More than a million homes face paying as much as £200 to ensure their TV reception is not ruined by a new mobile phone frequency.

The Government is selling off part of the broadcast spectrum and those living near the new mobile masts will suffer interference if they have Freeview.

The mobile operators have set up a £180million fund to provide affected households with filters to solve the problem.

However, the ‘protection’ scheme does not cover ‘non-standard aerial installations’ or television sets that use an indoor aerial.

Households will have to pay themselves, with their total bill reaching at least £161million, according to Arqiva, a wireless and TV technology firm.

It is thought that more than a million Freeview households are affected by the frequency shake-up and the vast majority of these are likely to need professional help to continue receiving a terrestrial signal.

Arqiva’s calculations suggest the bill for this will be between £156 and £224. Others believe the figure will be closer to £100. Those with less complicated aerials will be able to fit the filter devices themselves.

Another million homes using satellite or cable will suffer interference on any secondary sets that use Freeview.

A joint submission to Ofcom, by the BBC and other broadcasters, suggests consumers could face additional costs in excess of £100million to solve interference issues on primary sets alone.

And, in its submission to the communications regulator, Arqiva wrote: ‘We remain very concerned that disruptions to secondary set users and households that depend on set-top or loft-mounted aerials for their reception have been completely ignored.’

One industry insider involved in the talks said: ‘If you don’t have a rooftop aerial you are on your own.

‘Viewers will feel discriminated against. As a viewer you don’t distinguish between what aerial you have.’

John Tate, BBC director of policy and strategy, said: ‘4G is a great development but should not be allowed to interfere with people’s TV reception.

‘There are plans in place that aim to reduce this interference but we believe that sufficient money should be deducted from the 4G auction proceeds to prevent it altogether.

‘This is based on the established principle that the polluter pays.’

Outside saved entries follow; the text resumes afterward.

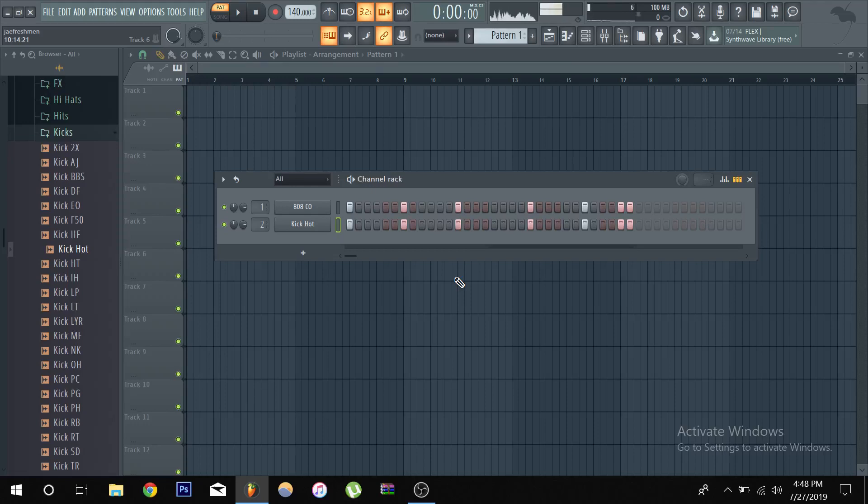What's good, it's your boy Jay Freshman again back with another tutorial. Today we're talking about sidechaining. Sidechaining is about making sure frequencies don't clash — frequencies that are in the same range. That's why most of the time we're sidechaining the kick with the 808, because they're both in the low end part of the spectrum. We want our kicks to shine through, so sidechaining ducks the frequency of the bass when the kick hits. It's all about each instrument having its own place, its own space.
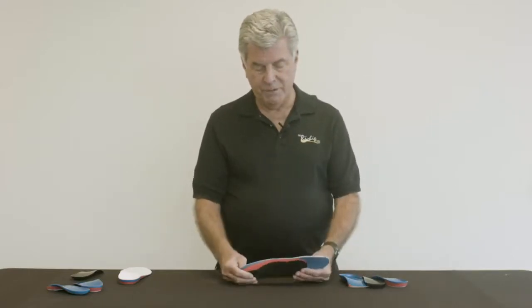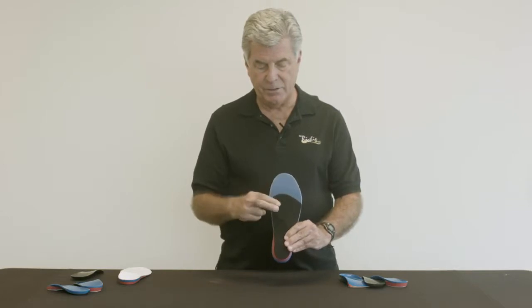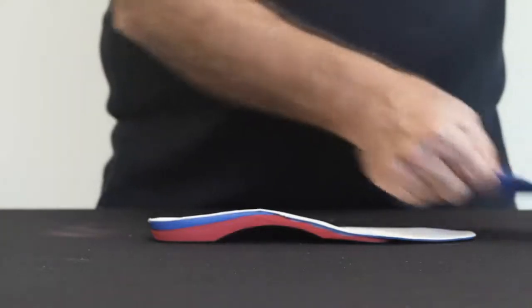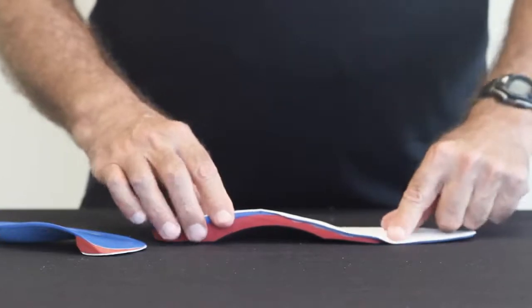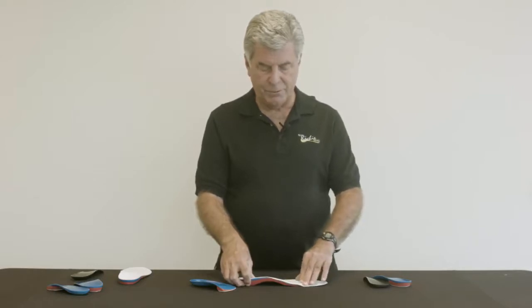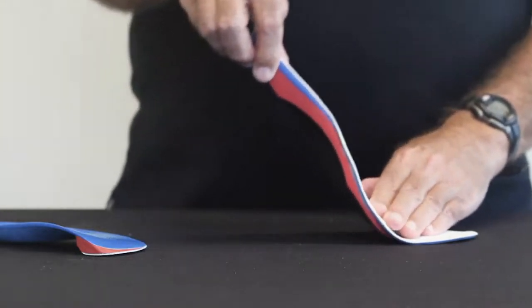Another form of posting is the extended sulcus wedge. This is an extended, usually crepe material or softer material, that's embedded on the bottom of the orthosis, and instead of ending at the anterior margin, the wedge effect is carried out to the sulcus. The advantage of this extended forefoot post, also known as a sulcus wedge, is that it carries the correction distally in the foot, so that we get control of the patient's foot during the propulsive phase of gait.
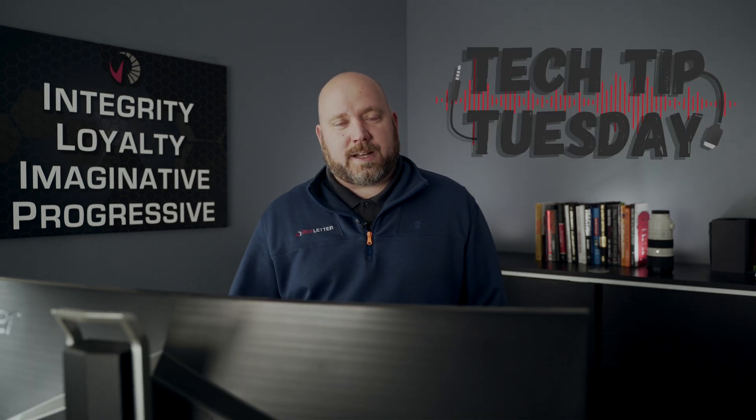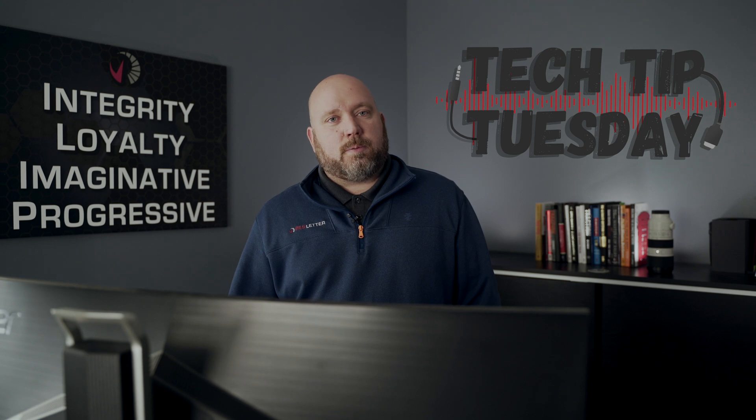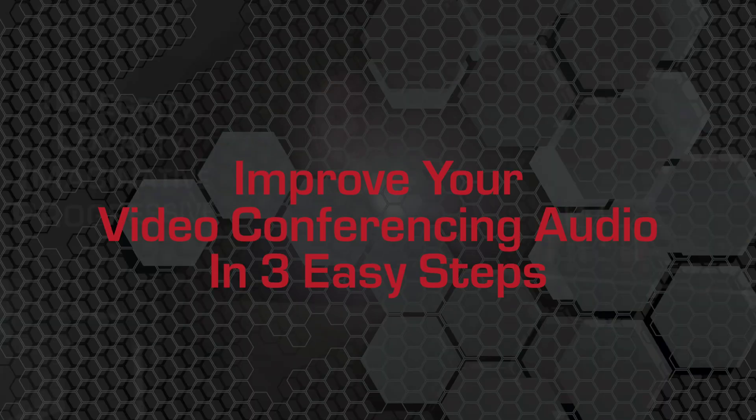Hello friends of Red Letter. Brad Marwelly here with Red Letter with another Tech Tip Tuesday. Today we're going to talk about three easy steps to improve the audio for your video conferencing.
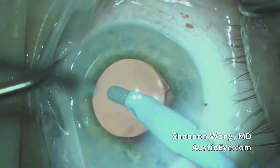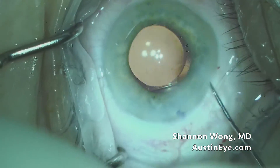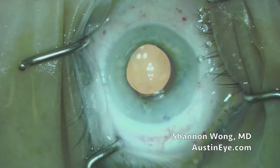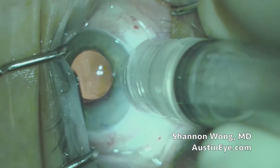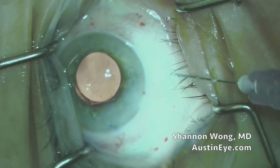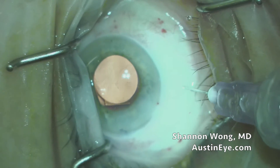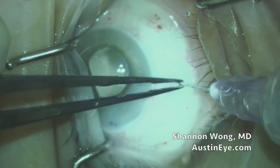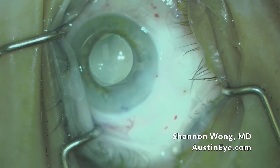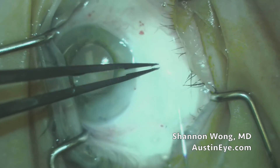We now know we're pretty much home free. We remove our viscoelastic in the usual manner, spin the lens around, and seal up our incisions. Then we go ahead and place our triamcinolone-moxifloxacin-vancomycin — aka TMV cocktail — through a pars plana injection, about 3 to 3.5 millimeters posterior to the limbus. We inject 0.15 ml of the TMV into the vitreous, and then 0.1 ml subconjunctivally.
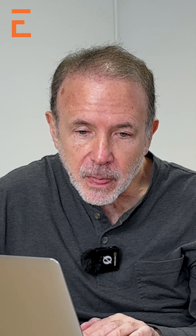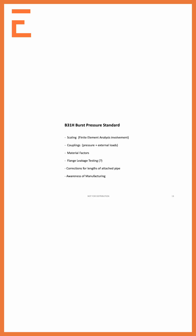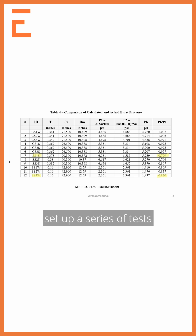And how is that addressed? Well, I'll show you — right here. So what Chris and I did is we set up a series of tests, and we can show some pictures of the bursts a little bit later. But here's four carbon steel tests, relatively large T over T, 12-inch pipe.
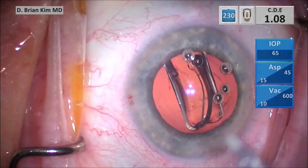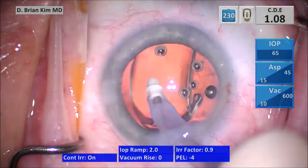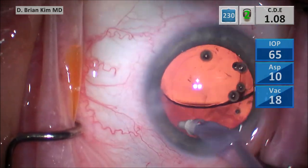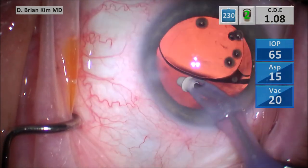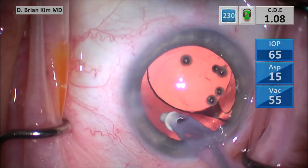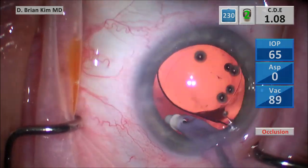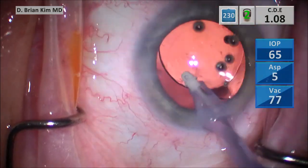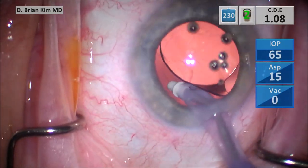I'm loosening and disassociating the leading and trailing haptics from the optic. I rotate the lens 90 degrees clockwise and tilt it in such a way that I'm confident the lens is entirely in the bag. I'm removing some adherent cortical material on the posterior capsular surface in the sub-incisional area, being very careful to use very limited vacuum as I clean that part of the bag. If you're not confident in your foot pedal control in this situation, it's better to switch to the polish mode to remove that small amount of cortical material.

It is unclear which geographical areas will be most affected by the plans.

TV signals will suffer interference because the part of the spectrum being used for the new 4G services is next to the band used for terrestrial digital TV services provided by Freeview.

Ofcom is carrying out a consultation exercise on the issue.

The new fourth generation mobile phone band allows for ultra-fast mobile broadband for lap tops and smartphones.